Still, with Prime Minister Ehud Olmert determined to draw Israel’s final borders by 2010, likely without waiting for Palestinian agreement, a division of Jerusalem looks realistic for the first time.

Full Story
“And to Jerusalem, your city, may you return in compassion, and may you rest within it, as you have spoken.”

6 thoughts on “The Holy City, Divided?

  1. Under this plan, Israel would keep the whole Old City, so what’s the problem? The outlying neighborhoods (Jewish and Arab alike) are only “Jerusalem” because someone designated them as such in the 20th century. The municipal boundaries of Jerusalem are huge, extending all the way to Bethlehem.

  2. BZ,
    That’s only true if this is the final draft. I fear this may be merely a starting position. To get everyone used to the idea of dividing Jerusalem.

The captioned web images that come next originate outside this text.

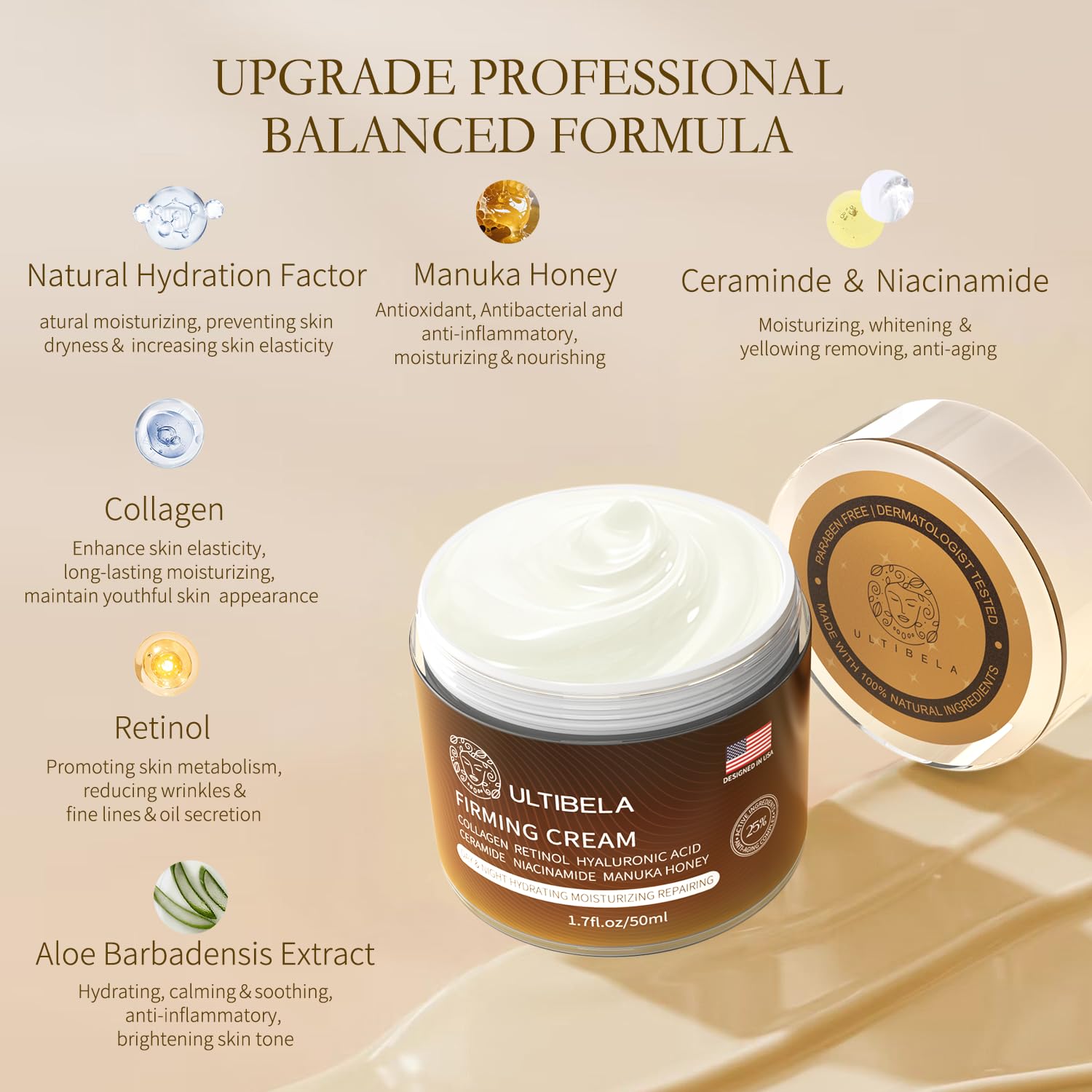 Side view of Ultibela 1.7 fluid ounce firming jar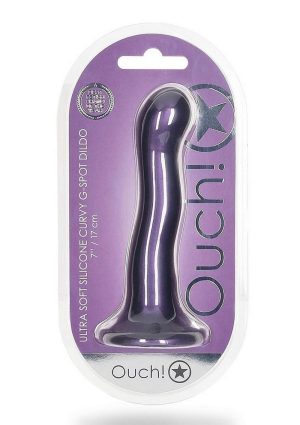 Ouch! Ultra Soft Curvy G-Spot Silicone Dildo 7in - Metallic Purple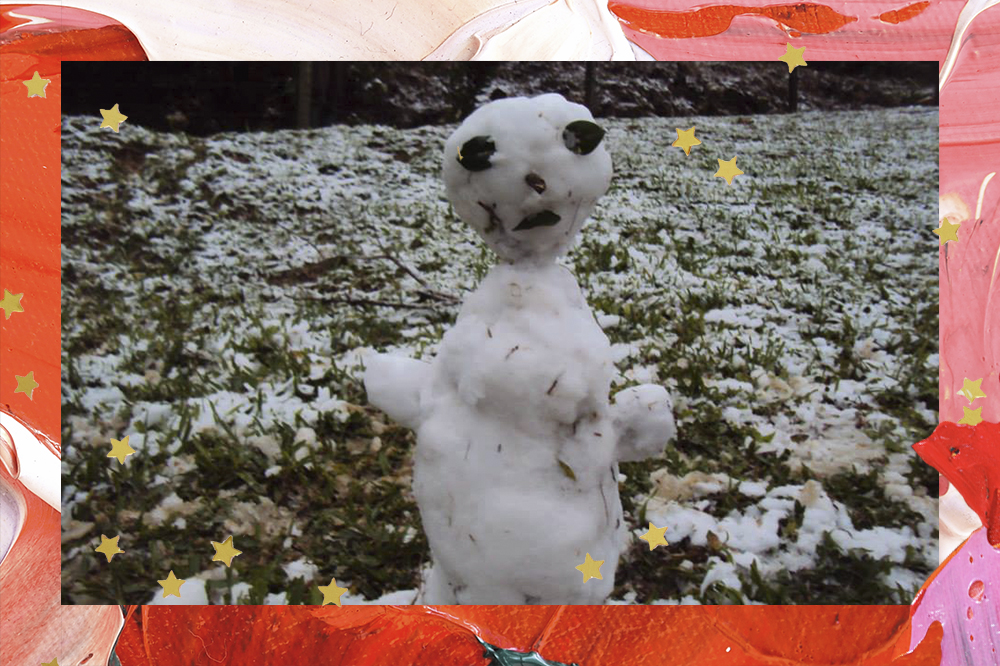 Colagem com imagem de boneco de neve feito durante o inverno no sul do Brasil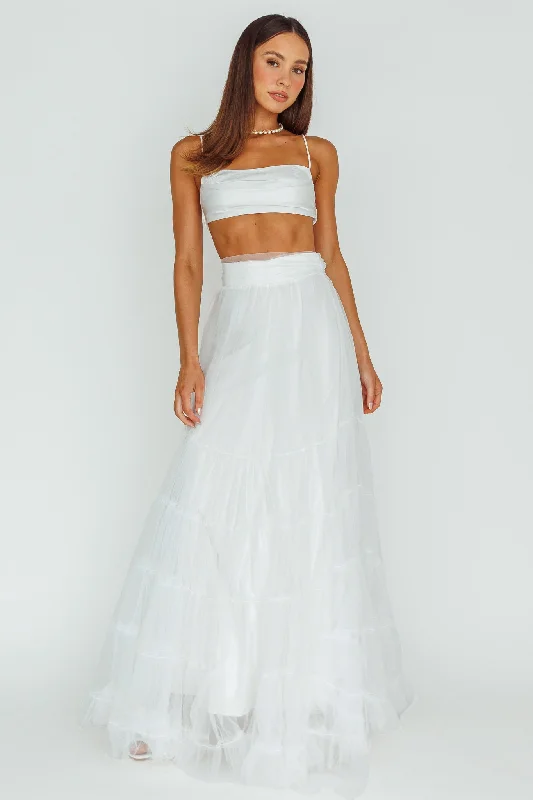 Mavis Mesh Overlay Maxi Skirt White seamless skirt comfort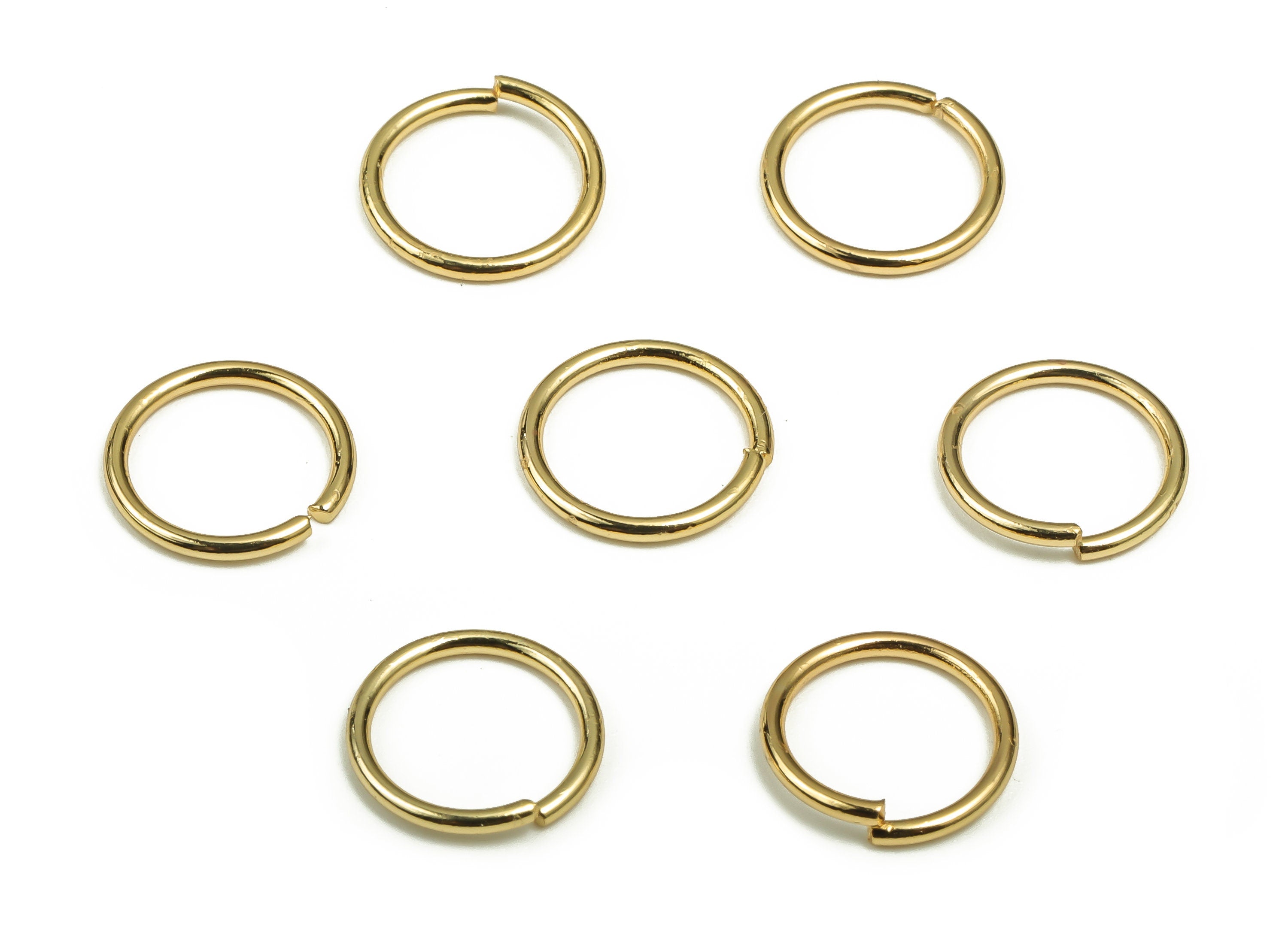 Brass Open Jump Rings - 10x1mm - Gold Open Jump Rings - 18K Real Gold Plated Brass - Jewelry Making Supplies - 10x10x1mm - RGP4138-10*1 - DOMEDBAZAAR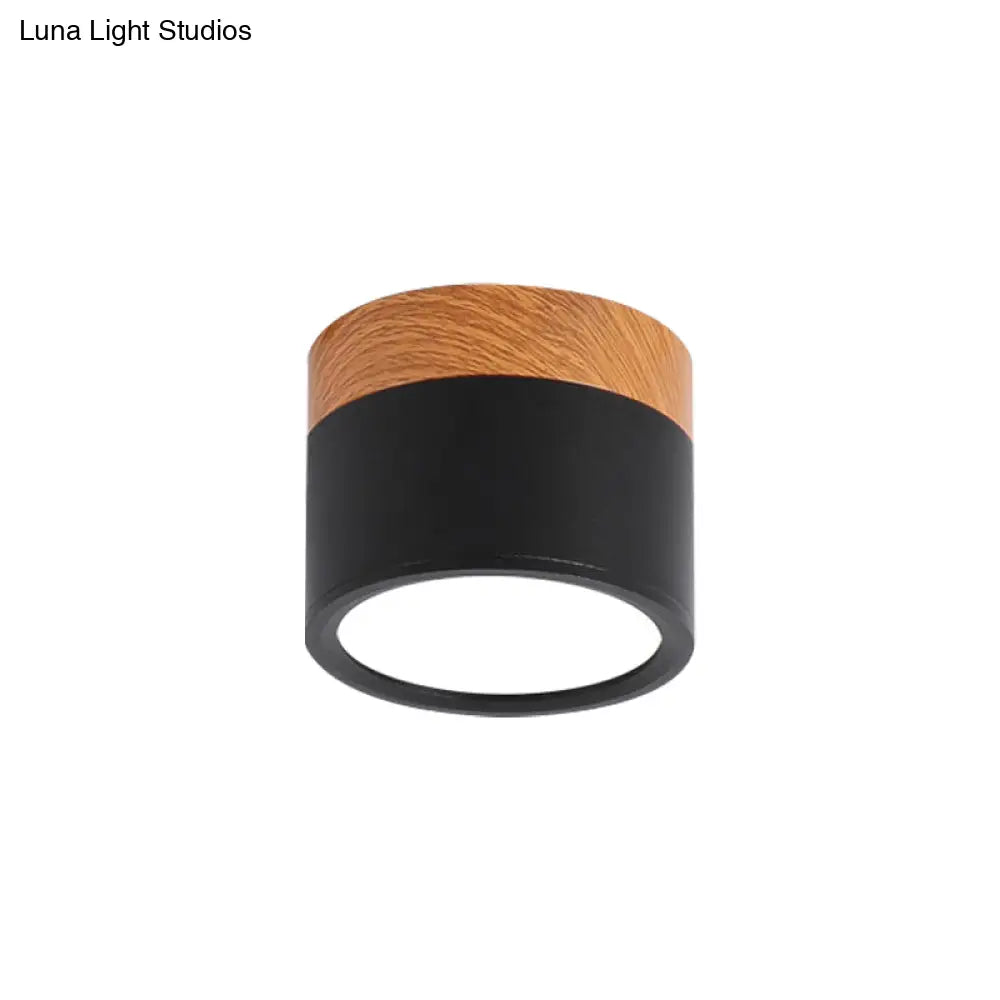 Flush Mount Ceiling Light Compact Cylindrical Metal Energy-Efficient LED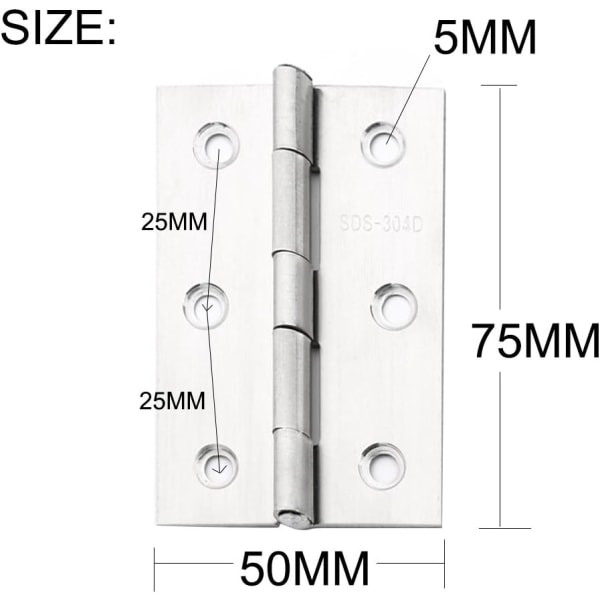 2 kpl Ruostumattomasta Teräksestä Valmistettuja Kotihuonekalujen Ovien Saranoita, Pitkä 75mm x 50mm I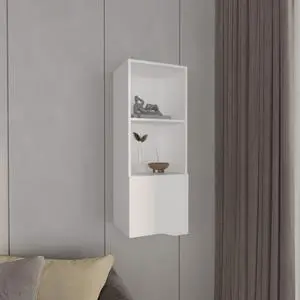 Obregon 43" Tall One-Door Wall Cabinet with Two Open Shelves, Medicine Cabinet Obregon 43" Tall One-Door Wall Cabinet with Two Open Shelves, Medicine Cabinet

  3. I despise fundamentalism in any form, but I can’t help but wonder if there is some connection between those who mock Zionism and Israel, and what we are now seeing as regards Yerushalayim.
    I fear we cannot have it both ways, and perhaps we should think things through a bit more fully the next time we feel the need to ‘mack’ Zionism or Israel.
    But hey, that’s just my two shekels worth.

  4. This whole Jerusalem thing is just a mark of how people who don’t live in Israel have no idea what really goes on here. Jerusalem is poor and hasn’t a wide enough tax base, and discriminates agains the Palestineans who don’t even have Israeli citizenship but can’t leave the city to the west bank because then they would lose the right to return to the city. The civil rights problems in J should interest us more than Israeli control over Um Tubba or Sho’afat.

  5. Jerusalem already is divided. Just not the muncipality. And the first poster is right — what is Jerusalem today is because the municipality expanded the borders.